I’ve spent two decades watching how influence actually moves across borders, institutions, and systems. I’ve advised at the United Nations and the International Trade Centre on trade and investment strategy across Asia, Africa, and the Middle East. I built senior networks across emerging markets for Swiss Re, reporting directly to the Chairman of Global Partnerships. I led international trade strategy for BlueScope - Australia’s largest foreign investor across Asia - through the most significant regional trade negotiations of the past decade.
That career is not a detour from this work. It is the reason for it. Two decades of watching how the most consequential moves in complex systems get made produced a single conviction: the leaders who move hard problems are not the ones with the most resources. They are the ones with the clearest structural commitment and the most deliberately built influence.

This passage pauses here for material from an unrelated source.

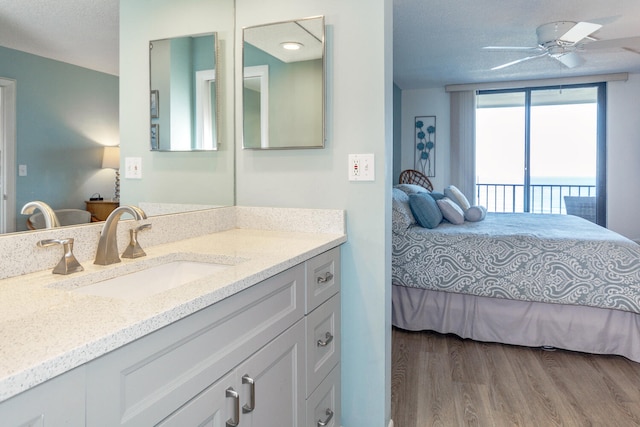 bedroom with sink, wood-type flooring, a textured ceiling, ceiling fan, and access to exterior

Pick a problem that markets won’t touch and states can’t move. State it precisely enough that progress can be verified. Make a structural commitment that is costly to reverse. Build influence by making it rational for others to come with you. The credibility compounds. The model gets copied. The problem moves - and so does your strategic position.
I’m not a fan of tech. I’m a fan of gaps - interested in the space between institutional failure and commercial extraction, and in the leaders who are structurally positioned to fill it.
I work with leaders and founders who have decided that extraction is not the answer. The Index, the framework, and the advisory work are all built for them.